Depuis 2018, une résurgence internationale de la lutte des classes a vu des grèves de l’automobile et des enseignants américains, et des manifestations de masse contre les inégalités en Algérie, au Liban, en Irak, au Chili, en Bolivie et au-delà. C’est le produit de contradictions sociales mûries sur des décennies de mondialisation capitaliste. L’époque écoulée depuis la restauration stalinienne du capitalisme en URSS et surtout depuis le krach de 2008 a vu un transfert continu de richesses depuis les travailleurs vers l’aristocratie financière, et des guerres impérialistes de l‘Afghanistan jusqu’à la Syrie en passant par le Mali.

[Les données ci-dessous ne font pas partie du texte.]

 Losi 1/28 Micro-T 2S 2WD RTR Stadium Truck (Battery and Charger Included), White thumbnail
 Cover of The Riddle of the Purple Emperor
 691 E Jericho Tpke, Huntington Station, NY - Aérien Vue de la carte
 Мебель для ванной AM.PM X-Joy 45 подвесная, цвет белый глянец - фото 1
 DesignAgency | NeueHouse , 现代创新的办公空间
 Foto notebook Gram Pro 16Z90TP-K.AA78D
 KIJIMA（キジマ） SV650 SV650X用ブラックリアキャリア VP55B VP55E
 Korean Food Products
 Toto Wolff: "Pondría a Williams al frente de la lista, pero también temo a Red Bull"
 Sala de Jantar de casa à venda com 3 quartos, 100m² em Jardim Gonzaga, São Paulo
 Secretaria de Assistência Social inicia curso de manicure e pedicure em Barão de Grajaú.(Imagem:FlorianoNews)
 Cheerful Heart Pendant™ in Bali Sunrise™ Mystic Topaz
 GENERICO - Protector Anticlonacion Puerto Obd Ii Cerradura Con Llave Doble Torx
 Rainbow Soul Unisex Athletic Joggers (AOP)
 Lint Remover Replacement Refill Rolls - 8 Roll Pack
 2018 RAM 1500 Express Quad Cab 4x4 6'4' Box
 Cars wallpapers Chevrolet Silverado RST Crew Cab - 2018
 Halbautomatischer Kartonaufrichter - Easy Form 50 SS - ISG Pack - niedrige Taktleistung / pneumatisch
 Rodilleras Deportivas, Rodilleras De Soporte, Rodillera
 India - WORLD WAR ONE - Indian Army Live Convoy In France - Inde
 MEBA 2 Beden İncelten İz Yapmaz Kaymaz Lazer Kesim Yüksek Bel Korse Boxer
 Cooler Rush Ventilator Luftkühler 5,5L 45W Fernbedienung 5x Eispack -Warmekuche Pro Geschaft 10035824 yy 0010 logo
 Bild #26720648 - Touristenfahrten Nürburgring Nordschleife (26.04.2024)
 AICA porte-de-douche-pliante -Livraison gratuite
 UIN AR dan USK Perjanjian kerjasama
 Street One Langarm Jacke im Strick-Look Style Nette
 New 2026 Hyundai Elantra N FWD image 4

L’intensité de ces antagonismes de classe soustend la montée extraordinaire des forces militaires et policières à l’international. La politique de Macron, qui transfère des milliards des retraités aux banques, souligne que les États «démocratiques» ne sont que des dictatures à peine voilées de la classe capitaliste. Pour voir la réalité de l’analyse marxiste que l’État consiste en groupes d’hommes armés – même dans des pays comme la France avec de longues traditions démocratiques bourgeoises – il suffit de se promener à Paris un jour de manifestation.

Cela explique la faillite de forces petite-bourgeoises de pseudo gauche comme La France insoumise de Jean-Luc Mélenchon, qui défendent l’État et l’ordre social établi. Non seulement ils soutiennent les tentatives des organisations syndicales de négocier un sale compromis avec Macron, mais ils couvrent les préparatifs de l’État pour la répression. Plutôt que d’avertir ses électeurs du rôle de de Villiers, Mélenchon répand des illusions comme quoi la néo-fasciste Marine Le Pen fait des «progrès» dans une direction «humaniste.»

La tâche décisive à présent est d’avertir les travailleurs et de les mobiliser politiquement contre la menace de la répression. Aucune confiance ne peut être accordée aux syndicats ni à leurs alliés politiques, comme LFI. Il s’agit de construire des comités d’action indépendants des syndicats et de coordonner la mobilisation de couches plus larges de la classe ouvrière en lutte contre l’aristocratie financière, le gouvernement Macron et les menaces de répression et de dictature.